Here's a multiline log entry I'm using to test:
May 10, 2019 10:14:48 PM com.company.servers.Server <clinit>
INFO: Running vpc ABC, in environment DEV, region is USEAST1, host is https://app.abc.company.com
This is the pattern that matches fine in ( Grok Constructor) :
%{CATALINA_DATESTAMP:jetty_timestamp}%{SPACE}%{JAVACLASS:java_class}%{SPACE}%{JAVAMETHOD:java_method}\n%{LOGLEVEL:log_level}:%{JAVALOGMESSAGE:log_message}
(Don't forget to use the (?m) in the logstash's multline filter edit box)
Here's the ES pipeline:
PUT _ingest/pipeline/filebeat-6.7.2-jetty-log-pipeline
{
"description" : "Ingest pipeline for jetty stderror",
"processors": [
{
"grok": {
"field": "message",
"patterns": ["(?m)%{CATALINA_DATESTAMP:jetty_timestamp}%{SPACE}%{JAVACLASS:java_class}%{SPACE}%{JAVAMETHOD:java_method}\n%{LOGLEVEL:log_level}:%{JAVALOGMESSAGE:log_message}"],
"ignore_missing": false
}
},
{
"remove":{
"field": "message"
}
},
{
"date": {
"field": "jetty_timestamp",
"target_field": "@timestamp",
"formats": ["MMM dd, yyyy HH:mm:ss a", "EE MMM dd HH:mm:ss z yyyy" ]
}
},
{
"remove": {
"field" : "jetty_timestamp"
}
}
],
"on_failure" : [{
"set" : {
"field" : "error.message",
"value" : "{{ _ingest.on_failure_message }}"
}
},
{
"set": {
"field" : "_index",
"value" : "failed-{{ _index }}"
}
}]
}
Here's the test:
POST _ingest/pipeline/filebeat-6.7.2-jetty-log-pipeline/_simulate
{
"docs": [
{
"_source": {
"message":"""
May 10, 2019 10:14:48 PM com.company.servers.Server <clinit>
INFO: Running vpc ABC, in environment DEV, region is USEAST1, host is https://app.abc.company.com
"""
}
}
]
}
Here's the result:
{
"doc" : {
"_index" : "failed-_index",
"_type" : "_type",
"_id" : "_id",
"_source" : {
"message" : "May 10, 2019 10:14:48 PM com.company.servers.Server <clinit>\nINFO: Running vpc ABC, in environment DEV, region is USEAST1, host is https://app.abc.company.com",
"error" : {
"message" : "Provided Grok expressions do not match field value: [May 10, 2019 10:14:48 PM com.company.servers.Server <clinit>\\nINFO: Running vpc ABC, in environment DEV, region is USEAST1, host is https://app.abc.company.com]"
}
},
"_ingest" : {
"timestamp" : "2019-06-20T19:27:39.125Z"
}
}
}
This same grok pattern works fine for all of my other log entries that don't use '<clinit>' as the java method, so I'm thinking there may be a special character issue here with greaterthan and lesserthan?
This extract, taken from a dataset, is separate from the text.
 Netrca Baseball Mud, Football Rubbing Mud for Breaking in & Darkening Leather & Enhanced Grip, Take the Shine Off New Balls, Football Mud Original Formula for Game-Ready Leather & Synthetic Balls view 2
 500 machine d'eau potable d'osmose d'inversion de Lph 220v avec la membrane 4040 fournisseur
The grok pattern JAVAMETHOD defined here should consume it:
#Allow special <init>, <clinit> methods
JAVAMETHOD (?:(<(?:cl)?init>)|[a-zA-Z$_][a-zA-Z$_0-9]*)
Any idea why this isn't working? I shouldn't have to escape anything within those """ blocks, right?
If I replace "%{JAVAMETHOD}" with "%{DATA}" it works, but I shouldn't need to do this?